Produced by: (kanji)

After one self-released mini-album and two followup label mini-albums, Mrs. Green Apple made it to their debut album, 12, and thus chose a good time to finally emerge as a group that sounds like a group, and not just some talented players with a handful of singles, co-opting various indie rock styles. 12 still follows the structural suit of their previous releases – kicking off with rollicking, manic openers and including a few softer moments between volleys of pop-rock – but all of the albums’ songs (probably not coincidentally totaling 12 – 1 of its thirteen tracks is an interlude) sound of a like mind, and sport a more consistently amplified and experimental approach than the somewhat scattered content on Variety and Progressive.

What hasn’t change – and which is a good thing – is how much musicality MGA packs into most songs, with stop-start percussion and instrumentation smushed together with an always-on keyboard assault that’s then sharpened into bright and shiny music, akin to Minus the Bear’s more main-stream sound, but as funneled through their slightly skronkier early albums. Even during the aforementioned “softer moments,” the group brings a lot to the table, with Motoki Omori showing ever impressive range and restraint with vocals.
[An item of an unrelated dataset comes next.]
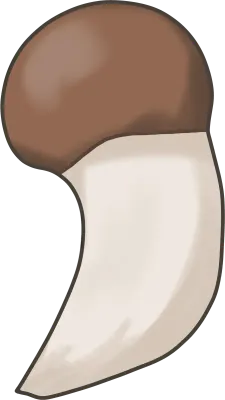 참송이 버섯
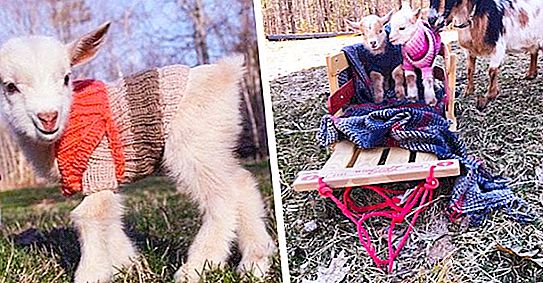La o fermă din SUA, caprele mici sunt îmbrăcate în pulovere în sezonul rece: fotografii amuzante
That bright and shininess, though, is at the expense of some aural depth: where the group’s work might sound better with a more raw sound, as on パブリック, the riffs are cleaned up too much, curtailing the impact; oppositely, a track like 藍 needs a full-fledged blown out sound to emphasize some big band horns, but it’s just lost in the general sparkle of ’12’. Thankfully, most of the time the group is leaning into what works with the production, although that doesn’t automatically equate into an end to end album of originality: 12 is consistent, yes, but MGA still falls back on rather predictable rock when they’ve spent all of their energy on singles. Taking the time to inject more of their songs with the same intensity of those highlights would tip the balance into something truly noteworthy, and not just a disc that has you skipping over B-sides.